私はTwitterで高校の文化祭実行委員会をいくつかフォローしているのだが、浦高祭実行委員会とか一女祭実行委員会あたりからは中止のお知らせが入っている。
 9月初旬の開催ということは夏休みが準備期間になるわけだが、今年は夏休み短縮で十分な準備時間が取れない。また、新型コロナが完全終息したとは言えない現状であるから、不特定多数が来場する文化祭は感染防止策が取りにくい。授業時間数が不足している中、前々日、前日の準備、代休などで授業をつぶせしていいのかという問題もある。
 まだ開催の可否について結論の出ていない学校も多いが、中止という判断に至る学校が多いのは止むを得ない。

 1日や2日くらい、いいではないという考え方もある。
 その考えに真っ向から反対するものではない。
 ただ、文化祭や体育祭にしても修学旅行にしても、準備に時間がかかる。大規模な行事であればあるほど事前準備、事前指導が欠かせない。
 事前準備・指導があって、当日があって、事後指導がある。この3点セットで行事は成り立っている。
 
 思い出作り。
 そう。生徒的にはそれでも構わない。

 だが、前後がなくて当日だけの学校行事は、あまり意味がない。

 私も教員時代、修学旅行の担当というのを経験したが、自分の中では出発当日までで修学旅行の9割は終わっていた。
 もちろん出発から帰着までて何かと気は抜けないのだが、高々3、4日のことだ。
 準備にかけた時間とエネルギー比べたら大したことはない。

 学校行事は当日よりも、その事前指導の過程にこそ教育的意義がある。
 その事前準備、指導の時間が十分取れないとあれば中止もやむを得ずということになる。
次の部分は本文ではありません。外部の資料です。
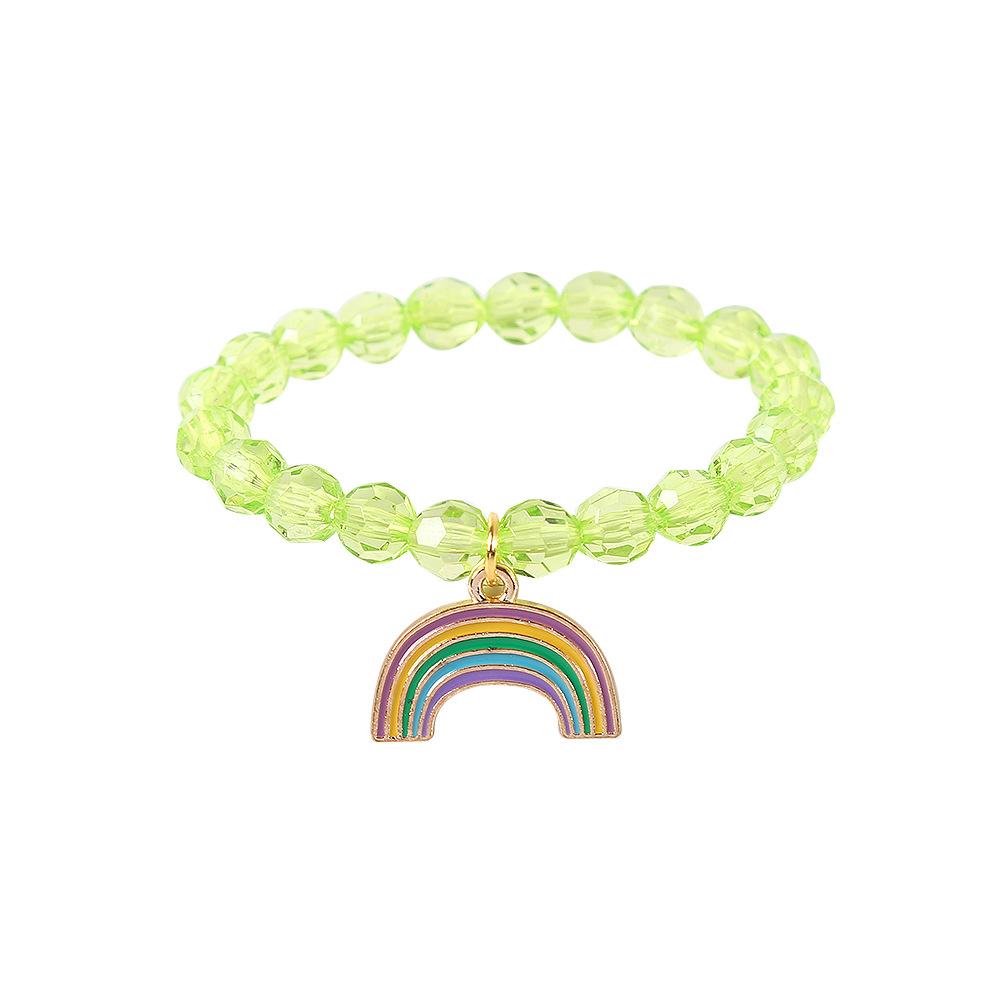 New Arrival Cartoon Charm Bracelet, Trendy Casual Wrist Ornament, Daily All-match Girls Accessories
 この3か月、まともに授業ができなかった。だからそのために失われた知識や技術の補填を第一に考えるのは当然だ。しかし、知識や技術の補填は、この先の人生でいくらでもできる。
 その一方、若い今だから学べることがある。大人になってからでは手遅れということがある。
 
 「この大変な時期に、のんびり学校行事なんかやって」という親からのクレームがあるかもしれないが、そういう思考の人間を作らないためにも行事は必要なのだ。
 この数か月、先生方は何度年間計画を練り直したことだろう。今も続いているだろう。
 そんなさなかに言いにくいが、準備と意義とのバランスを考えつつ、少しでも行事を組み込んでもらたいと思うのである。